◆ Directions for this task ◆
Exclude the pictures, then copy word for word the lines running from the beginning of the records through the line with "These are the".

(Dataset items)
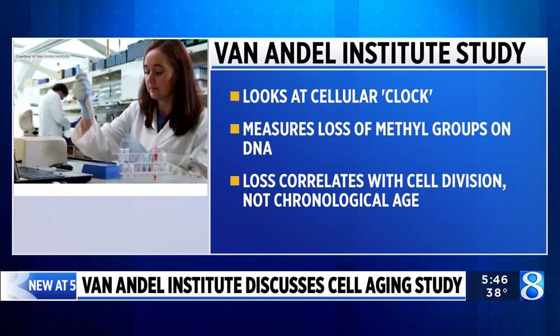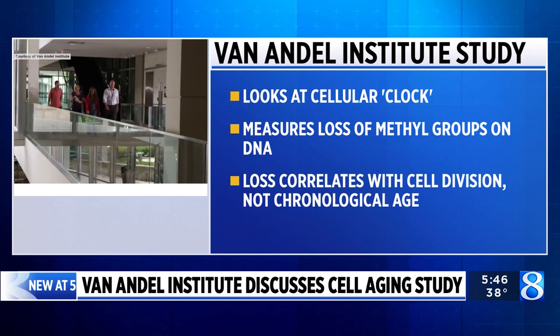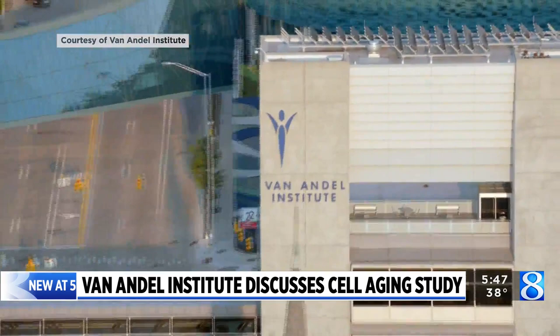Will there be a test that people can do to see if they are more or less likely to get those diseases? We're pretty early in the research at this stage. At this point we've basically just established a causation that cell division is causing these particular changes. So there's quite a lot of work to do still to translate it into a test that you take at your physician's office.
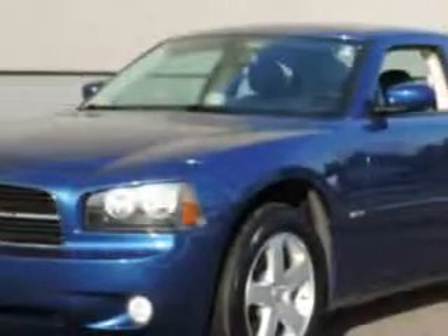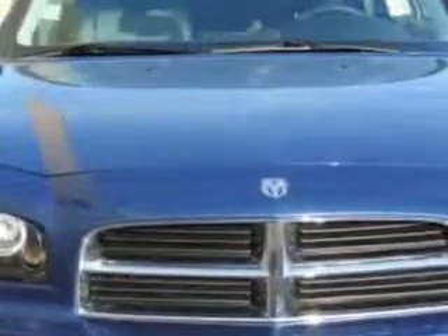Imagine driving this Deepwater Blue Pearl 2010 Dodge Charger Sedan All-Wheel Drive RT Plus, equipped with an 8-cylinder engine and an automatic transmission.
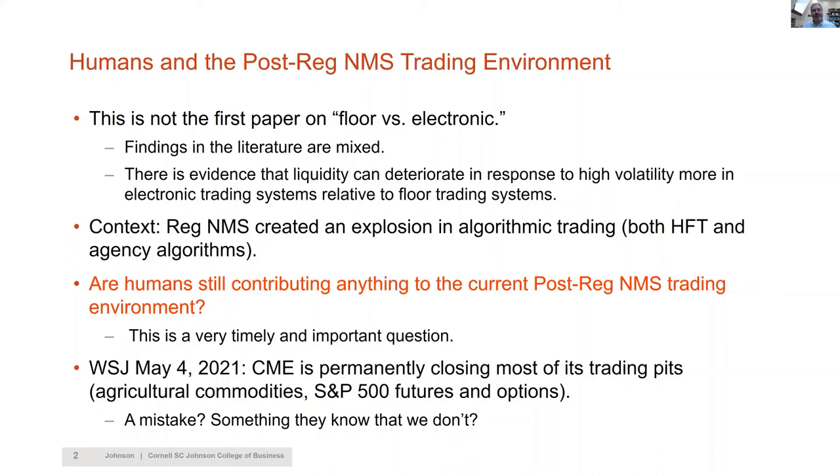Two weeks ago I read in the Wall Street Journal that the Chicago Mercantile Exchange is permanently closing most of its trading pits — basically all the agricultural commodities and S&P 500. They closed in March 2020 and the euro-dollar pit reopened in August 2020, but they didn't reopen the rest and now decided to close them permanently. This is an institution like the NYSE with a storied past; we've had those trading pits since the middle of the 19th century. So are they making a mistake? Do they know something we don't know?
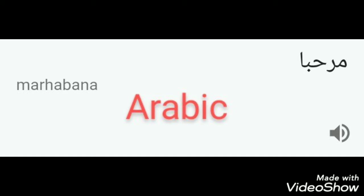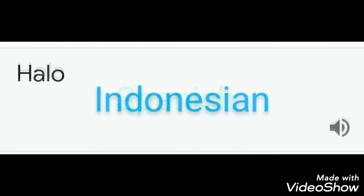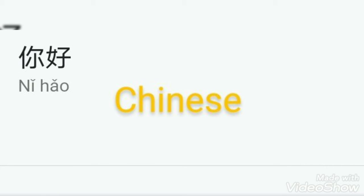Number one, Arabic: Marhaban. Number two, Spanish: Hola. Number three, Indonesian: Hello. Number four, Chinese: Ni hao.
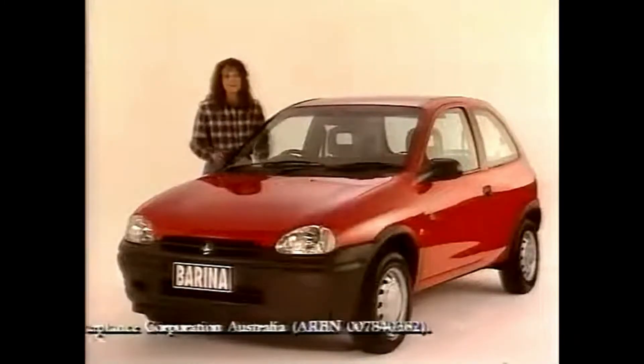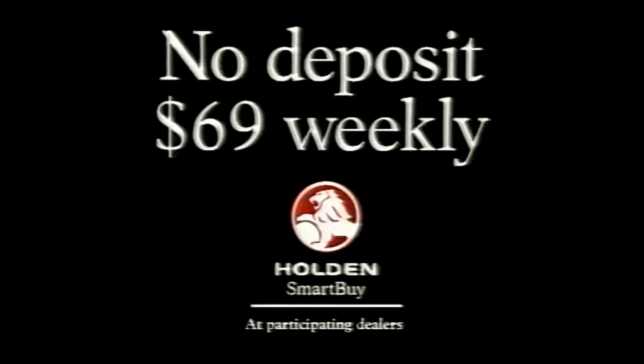No deposit? Yep, just pick your colour and drive away. Holden Smart Buy — a brand new way to drive a brand new Barina from your local Holden dealer.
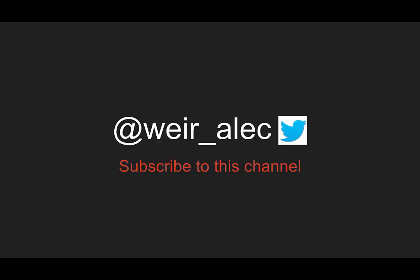As always, you can follow me on Twitter at Weir_Alec, or subscribe to this channel for more updates from Morning Report Emergency Medicine. Keep your eyes out for those interesting cases.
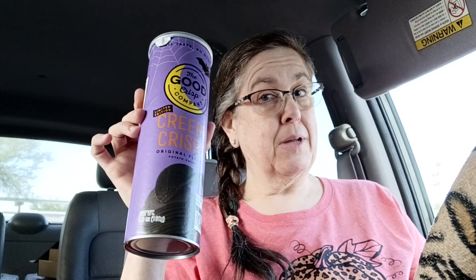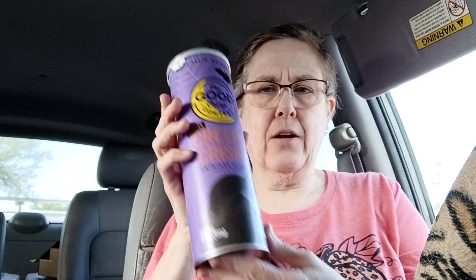These are the Good Crisp Company limited edition Creepy Crisps. I'm not sure what makes them black — we're going to find out. They are gluten free, so basically it's like a health food store version of Pringles.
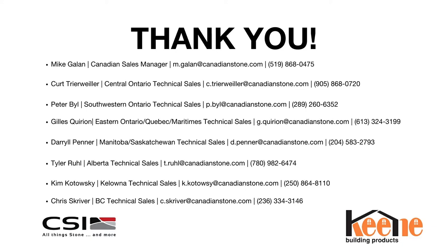Thank you — I hope it was very informative and I appreciate everyone's time. The list of CSI reps is in front of you. If you have any questions, reach out to your local representatives. One question coming in: the 10-millimeter rain screen seems to be coming up in Canada and will probably be in the code. Is there any reason we should be going with a greater cavity than 10 millimeters?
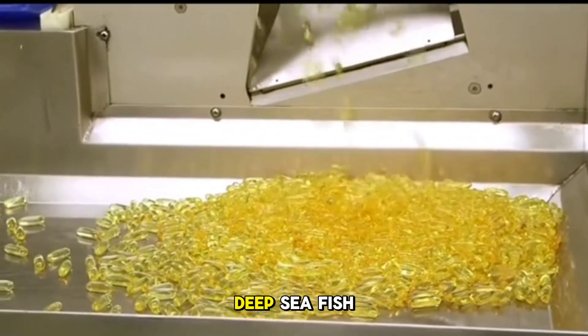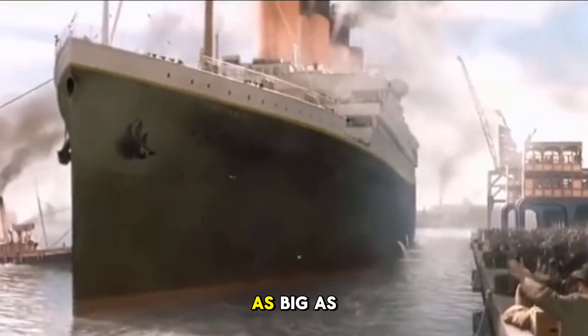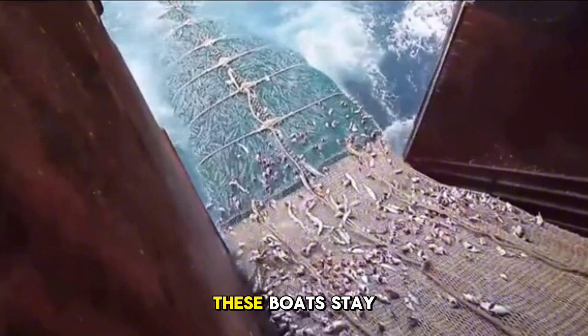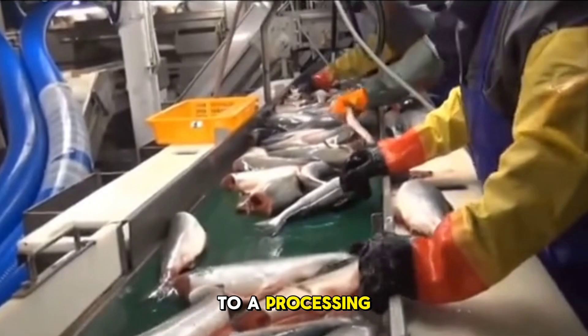The thing that looks like a golden bean is deep-sea fish oil. Do you know how it's produced? First, you need a fishing boat as big as the Titanic, because it can hold dozens of tons of fish. These boats stay out at sea for half a year at a time. When they return, the fish they catch are sent to a processing plant.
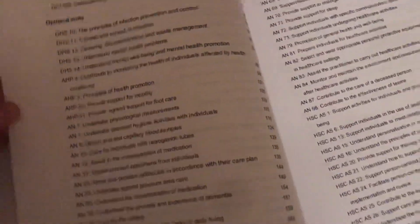Then we go through the optional units, which on the first page include: principles of infection prevention and control, causes of the spread of infection, cleaning, decontamination and waste management, understanding mental health problems, understanding mental wellbeing and mental health promotion, contributing to monitoring the health of individuals affected by health conditions, and principles of health promotion. I get to pick three of these additional units, so I need to choose which ones I want to do.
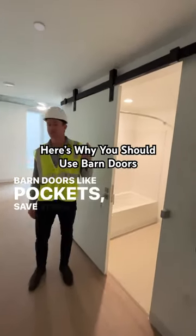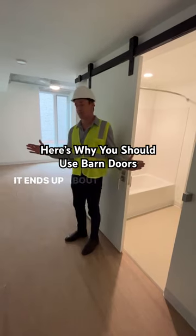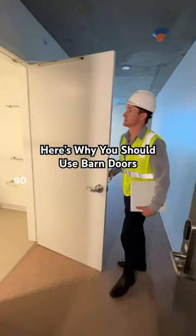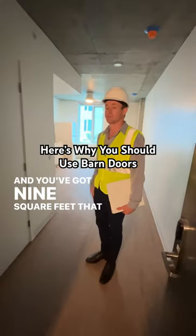Barn doors, like pocket doors, save space. This one's 36 inches wide, so if you take the arc of that circle, it ends up being about nine square feet. Here's the alternative — contrast that to the use of the barn door in the other room, and you've got nine square feet that you can leave open.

◆ Solution to the exercise ◆
Will there be a test that people can do to see if they are more or less likely to get those diseases? We're pretty early in the research at this stage. At this point we've basically just established a causation that cell division is causing these particular changes. So there's quite a lot of work to do still to translate it into a test that you take at your physician's office.
Imagine driving this Deepwater Blue Pearl 2010 Dodge Charger Sedan All-Wheel Drive RT Plus, equipped with an 8-cylinder engine and an automatic transmission.
Two weeks ago I read in the Wall Street Journal that the Chicago Mercantile Exchange is permanently closing most of its trading pits — basically all the agricultural commodities and S&P 500. They closed in March 2020 and the euro-dollar pit reopened in August 2020, but they didn't reopen the rest and now decided to close them permanently. This is an institution like the NYSE with a storied past; we've had those trading pits since the middle of the 19th century. So are they making a mistake? Do they know something we don't know?
Number one, Arabic: Marhaban. Number two, Spanish: Hola. Number three, Indonesian: Hello. Number four, Chinese: Ni hao.
No deposit? Yep, just pick your colour and drive away. Holden Smart Buy — a brand new way to drive a brand new Barina from your local Holden dealer.
As always, you can follow me on Twitter at Weir_Alec, or subscribe to this channel for more updates from Morning Report Emergency Medicine. Keep your eyes out for those interesting cases.
These are the Good Crisp Company limited edition Creepy Crisps. I'm not sure what makes them black — we're going to find out. They are gluten free, so basically it's like a health food store version of Pringles.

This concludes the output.